Todo mundo que está jogando xadrez político, nesse momento, sabe disso. Então isso quer dizer que Jair Bolsonaro acabou? Calma. Vamos precisar levar alguns pontos em consideração. O primeiro, Donald Trump. O quanto Donald Trump pode se envolver com esse tema? O quanto Trump pode bater no bumbo de Bolsonaro? É importante porque Trump é alguém com poder de manter o nome de Bolsonaro vivo. Em segundo, Tarcisio, Michelle, Eduardo. Quem é candidato a quê? Em sendo candidato, quem terá que tipo de compromisso com Jair? Em terceiro, vejam bem, está a esquerda. Quando Bolsonaro estiver fora do mapa, a esquerda vai querer usar seu espantalho? Mantê-lo vivo para tentar tirar voto de outros candidatos de direita?
Porque não se esqueçam de uma coisa: pesquisas eleitorais a um ano e meio da eleição tratam, essencialmente, de recall. Medem quais nomes são lembrados. Isso é útil para saber de que nível um candidato parte para concorrer a uma eleição. É inútil para quem é lembrado e não vai concorrer.
Então vem comigo, vamos analisar.
Eu sou Pedro Doria, editor do Meio.
Rapidinho, dois segundos doutro assunto antes de voltarmos. Nós não estamos conversando sobre Israel e Palestina. Nos dividimos em grupos, cada um do seu lado xingando o outro. Pois é. É sempre assim nas redes. Usamos palavras fortes, tratamos o lado do qual não gostamos como a pior gente que existe. Às vezes, fazemos parecer que este conflito nasceu no 7 de outubro de 2023. Ou em 1967. Ou, mesmo, em 1948. É muito mais antigo do que isso.

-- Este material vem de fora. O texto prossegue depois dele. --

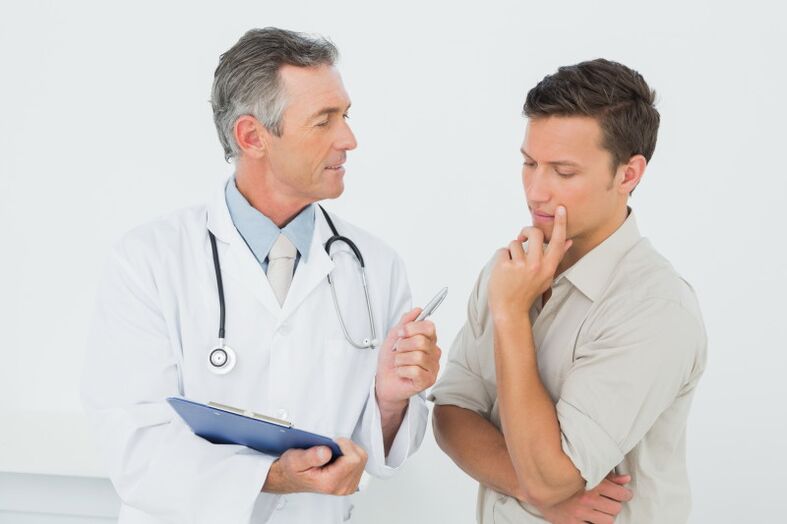 médico prescreve tratamento para prostatite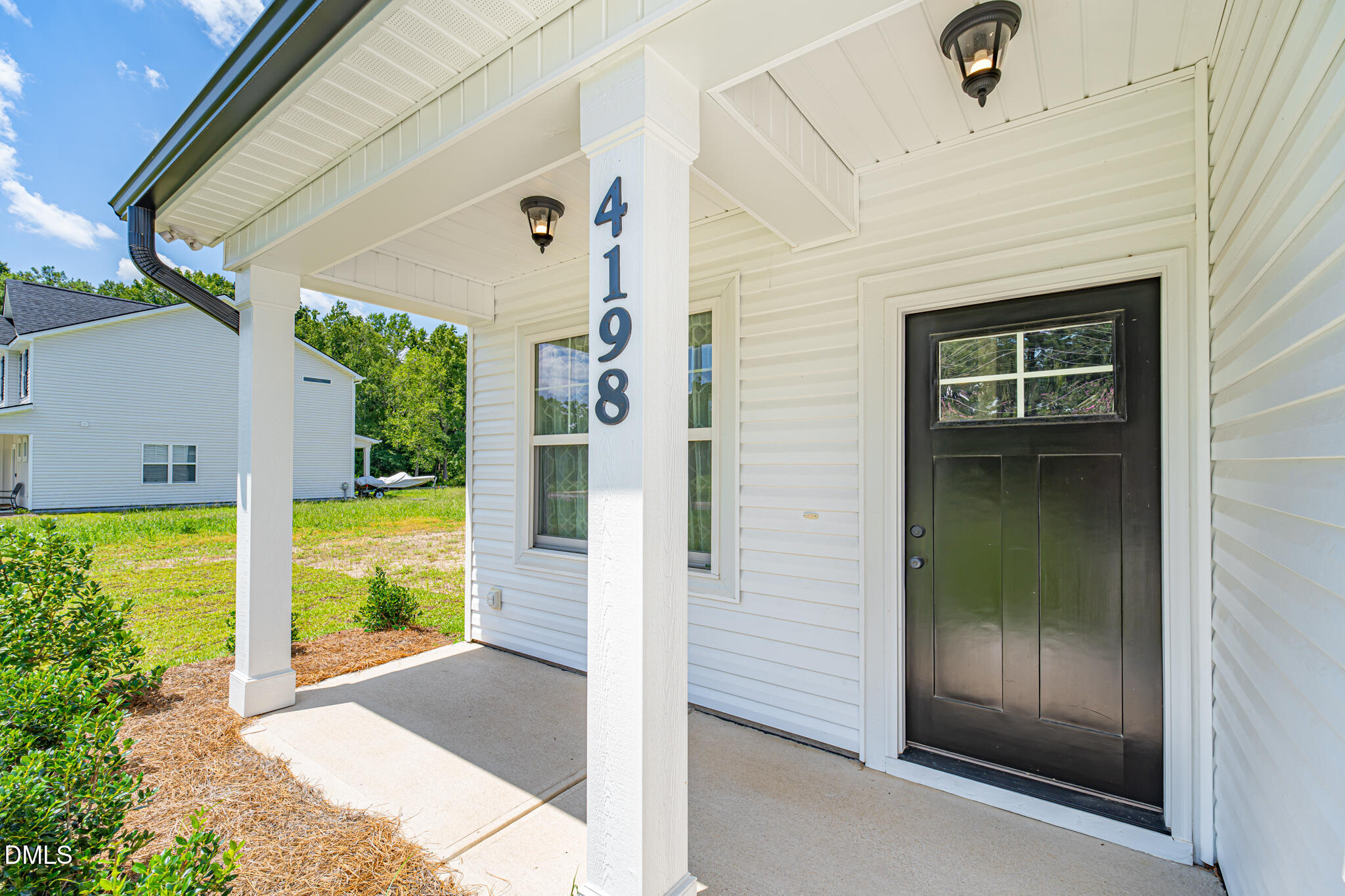 4198 Darroch Road Property Photo 1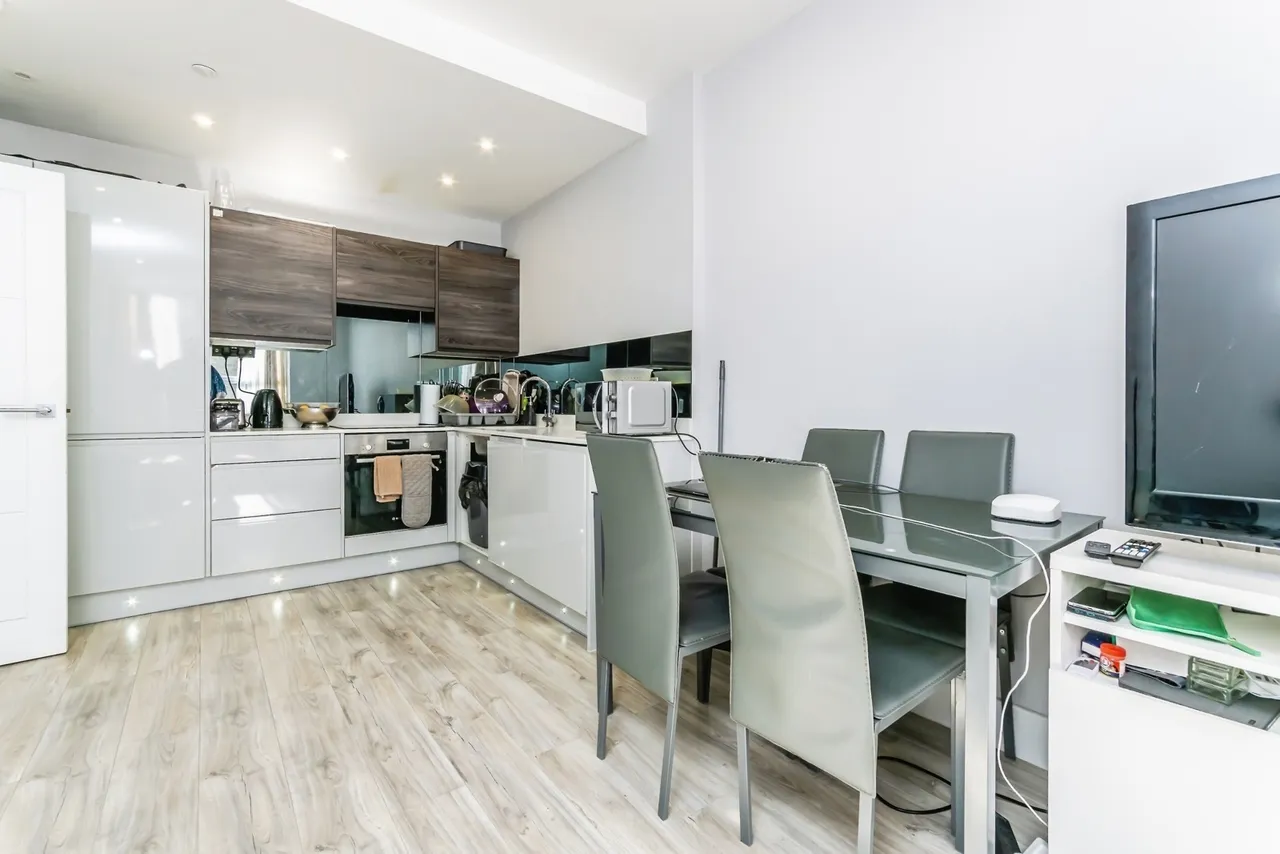 Restmor Way, Wallington, SM6, photo 14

Estive por dez dias, em Israel, em fevereiro deste ano. Conversei com políticos árabes e judeus, com ativistas árabes e judeus, com gente nas ruas. Fui do norte ao sul do país. Ao voltar pro Brasil, mergulhei nos livros. O resultado deste trabalho ficou pronto agora. No próximo dia 10 de julho estreiam no streaming do Meio três episódios especiais do Ponto de Partida, a série. Está lá a história e também a política. No todo, no conjunto os três filmes são um clamor pela paz. Uma defesa da solução de dois estados, um para cada povo. Não há outra solução que não essa.
Você quer entender o que acontece naquele canto do mundo, numa versão sem heróis ou vilões? Assine o Meio Premium. Baixe nosso app. No dia 10, na sua televisão, no seu celular, tablet ou computador.

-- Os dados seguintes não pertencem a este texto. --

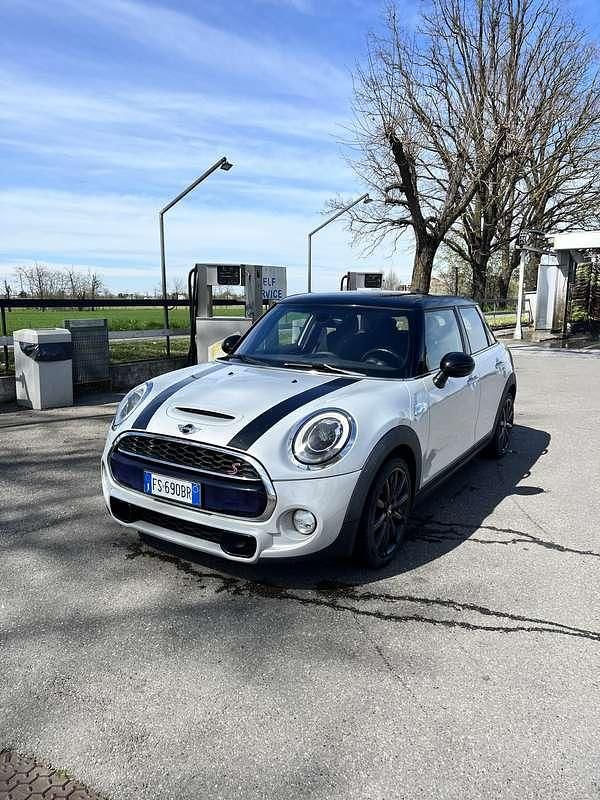 Usata 2018 Mini Cooper SD Hype Due volumi | 18.000 € (Buon prezzo) - Immagine 1/4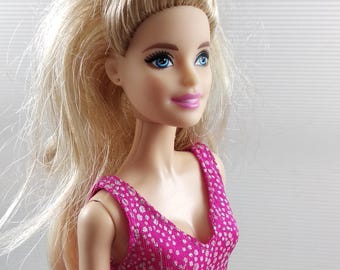 ピンクのドレスを着たヴィンテージのスタイリッシュな人形バービー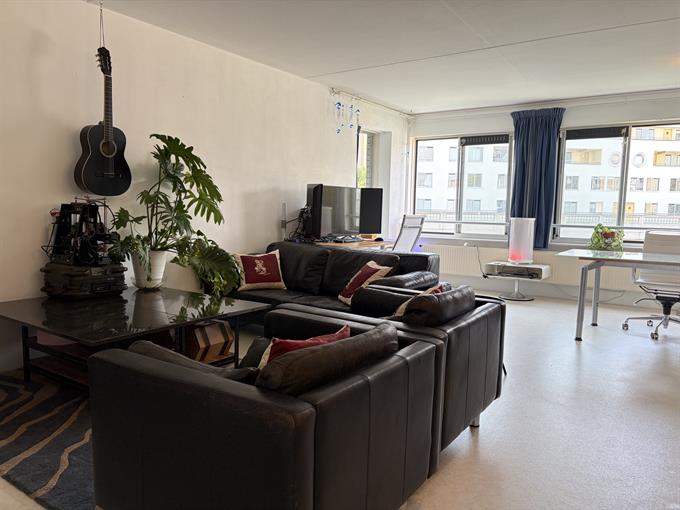 Zimmer bei C. van Eesterenlaan In Amsterdam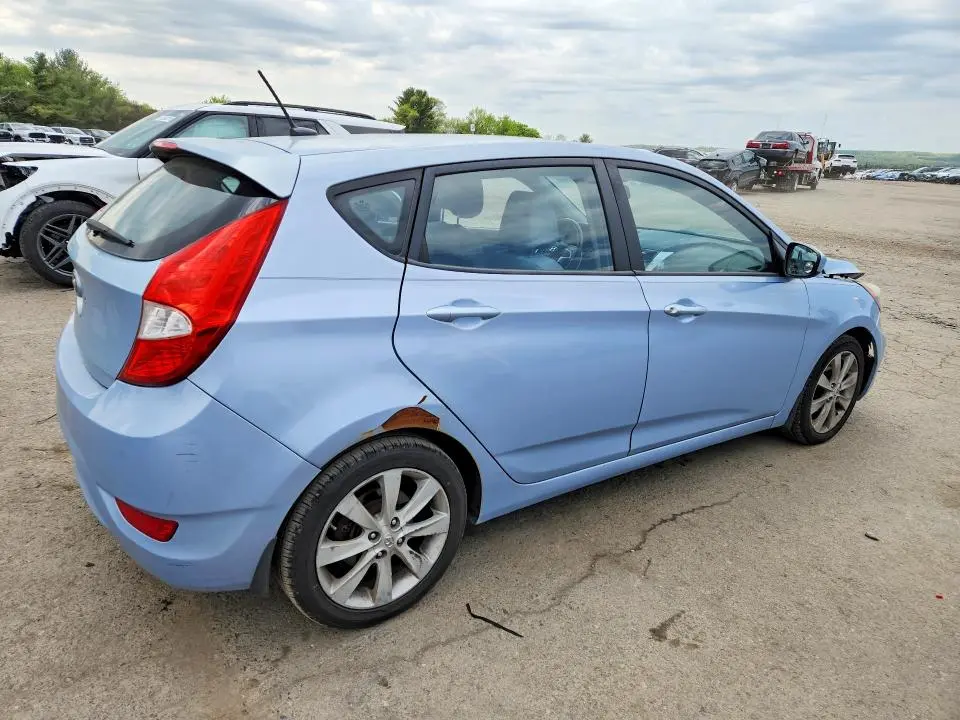 2012 HYUNDAI ACCENT SE  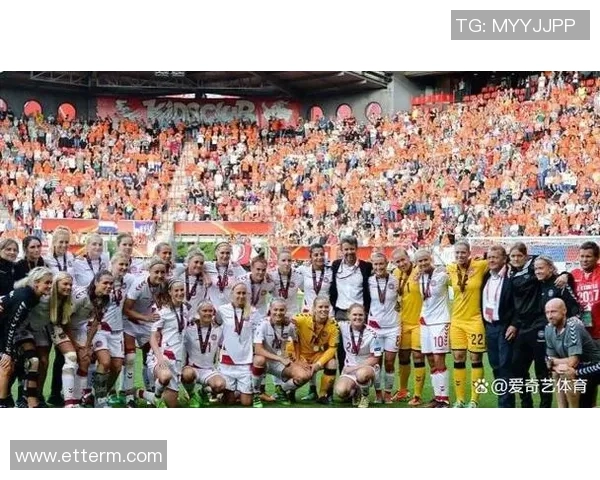 足球明星的秘密保养秘籍与传奇人生的交织之旅 足球明星的秘密保养秘籍与传奇人生的交织之旅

E este aqui? Este é o Ponto de Partida.
O que Lula tem a ver com a queixa de Donald Trump? Nada. O presidente brasileiro não tinha que dar qualquer resposta. O Judiciário é um poder independente, é ele que tomará decisões sobre Bolsonaro, Lula não dá pitaco no assunto. Logo, não é com ele. Não é com ele se Bolsonaro for considerado inocente, não é com ele se for culpado. Vi muita gente preocupada com o envolvimento de Steve Bannon. Isso não quer dizer muito, tá?

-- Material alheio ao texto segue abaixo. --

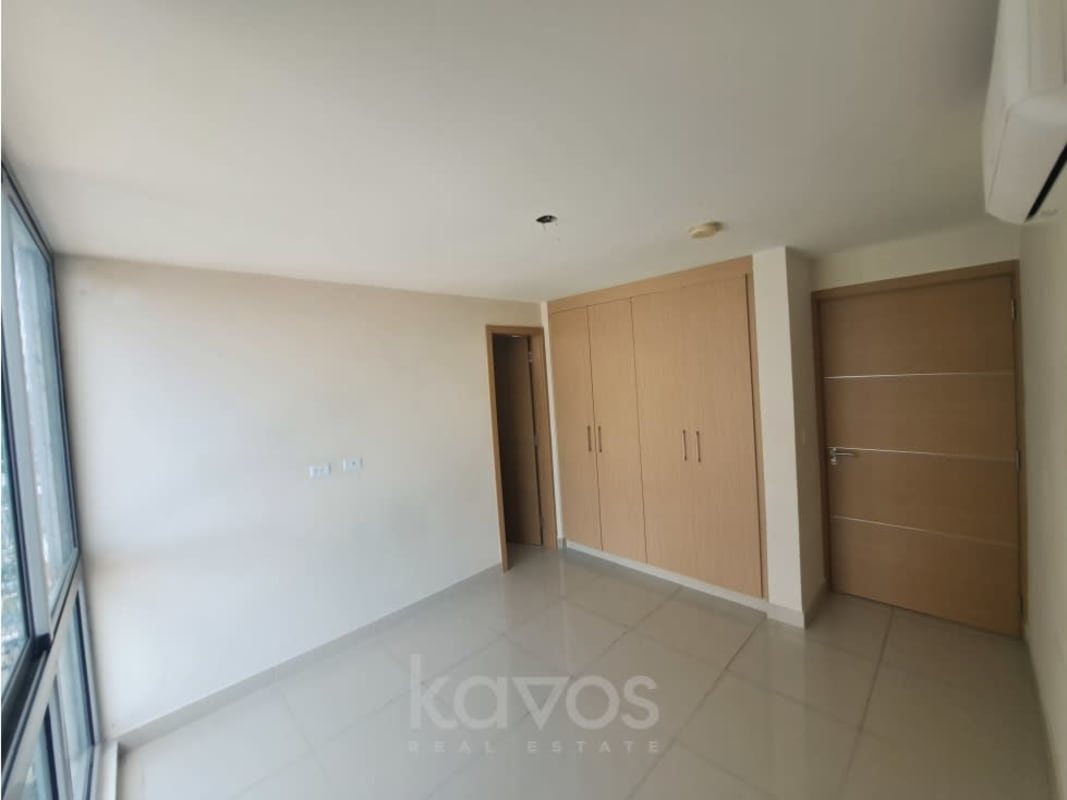 Bedroom with large window AC provision and closet PH Torres de Castilla Panama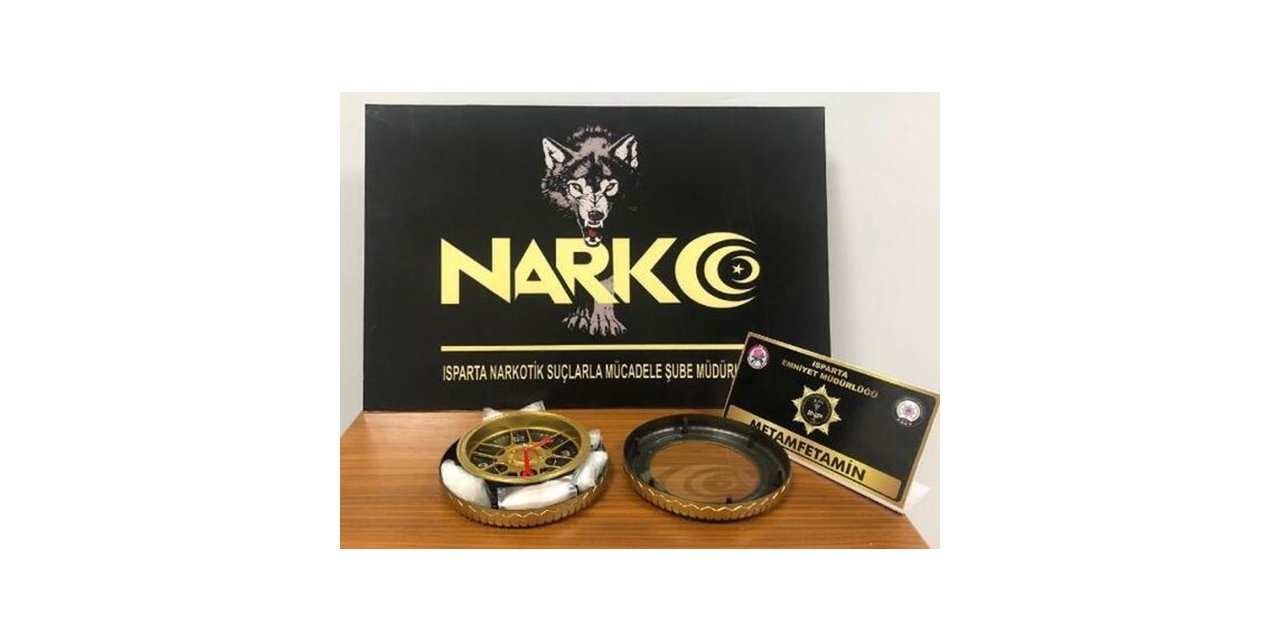 Isparta’da duvar saati içerisine gizlenmiş uyarıcı madde ele geçirildi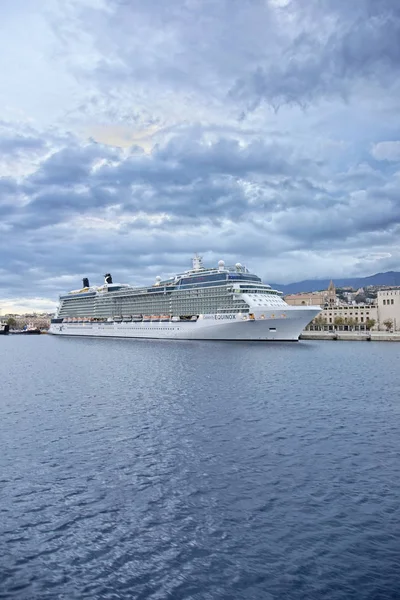 Italia Sicilia Messina Novembre 2012 Veduta Della Città Una Nave — Foto Stock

Donald Trump tem uma base grande e em conflito constante. Tem um grupo populista de um lado, que Bannon representa. É a turma pró-tarifas, que deseja os EUA fechados para dentro, sem guerras no exterior. Estão em oposição constante com os libertários como Elon Musk, que querem livre comércio, imigrantes qualificados. Há também a turma religiosa ultraconservadora, como há os falcões neoconservadores no Senado e no Departamento de Estado, que tiveram sua grande vitória no ataque ao Irã. Esses grupos às vezes estão em trégua, às vezes estão em conflito entre si. E todos disputam a atenção de Trump. Porque atenção e Trump são um problema, tá? Ele fica entediado muito rápido, quer mudar de assunto, está sempre em busca de um brinquedo novo.
Bannon é meio que um Mussolini moderno. É de extrema-direita, está em casa com gente de classe média baixa, a classe trabalhadora americana. E, estrategicamente, pensa como a esquerda internacionalista. Mussolini era assim, também. Então Bannon gosta da coisa do movimento internacional da classe trabalhadora reacionária. Ele faz força, sim, para que Trump lembre de Bolsonaro. E Eduardo Bolsonaro depende imensamente de Bannon para ter os ouvidos de Trump. Só que nem sempre Bannon está forte na Casa Branca. Neste momento, não está. Há quantos meses o filho Zero Três está tentando arrancar qualquer coisa de Trump? Pois é. Conseguiu agora. Um tuíte. Pode conseguir mais? Claro. Mas não é certo. E um tuíte é uma coisa, sanções internacionais, pressão pública, outra coisa. Por isso que Lula fez mal em responder a Trump. Ignora. Melhor coisa. Pra Trump não se sentir desafiado. Deixa ele esquecer do troço.
Aí a gente vem pro Brasil. Bolsonaro precisa estar no comando de um movimento e reuniu doze mil pessoas na Avenida Paulista, no último domingo. Gente, vamos deixar uma coisa clara: político é que nem tubarão. Sente o cheiro de sangue no mar. E, no domingo, tinha sangue no mar. Bolsonaro está doente, não pode ficar circulando pelo Brasil, não tem como agitar seu movimento. E está com os dias de liberdade contados. Ele está em seu momento mais fraco desde 2018 e tende a ficar mais fraco com o passar do tempo.
Por que, neste momento, todos os filhos do ex-presidente estão reclamando de Nikolas Ferreira? Crise de ciúmes? Também. Mas tem um cheiro de rei morto, rei posto. Bolsonaro sai do ar, a marca com seu sobrenome se enfraquece, vai ter uma guerra civil dentro da direita. Vai ter gente puxando pro lado duro, vai ter gente puxando pro centro. Nikolas obviamente é um potencial herdeiro. E todo mundo em Brasília já percebeu.
Então quem é que pode manter o movimento bolsonarista vivo? Bem, por paradoxal que pareça, a esquerda. Se a esquerda for pra campanha dizendo que todo mundo é Bolsonaro, não é só que a estratégia é ruim. O eleitor vai fazer o julgamento dele se um candidato tem jeito de Bolsonaro ou se não tem. A estratégia é tentadora, porque anima muito a militância de esquerda, mas não traz eleitor novo. Mas, além disso, faz outra coisa. Mantem o bolsonarismo com o discurso de que a direita de verdade, a única oposição possível à esquerda, é seu movimento.
O melhor para o Brasil, hoje, é deixar esse pesadelo morrer. Não incita Trump a falar do assunto, não dá ouvidos pra turma berrando no Twitter, deixa a coisa ir embora. Deixa o movimento morrer lentamente, em silêncio, esquecido por todos. A gente merece isso. Vai ser bom quando a febre passar e pudermos, todos, voltarmos a conviver nos almoços de domingo, jantares de Natal. Vai ser bom quando desavença política voltar a ser só motivo de implicância no churrasco dos amigos.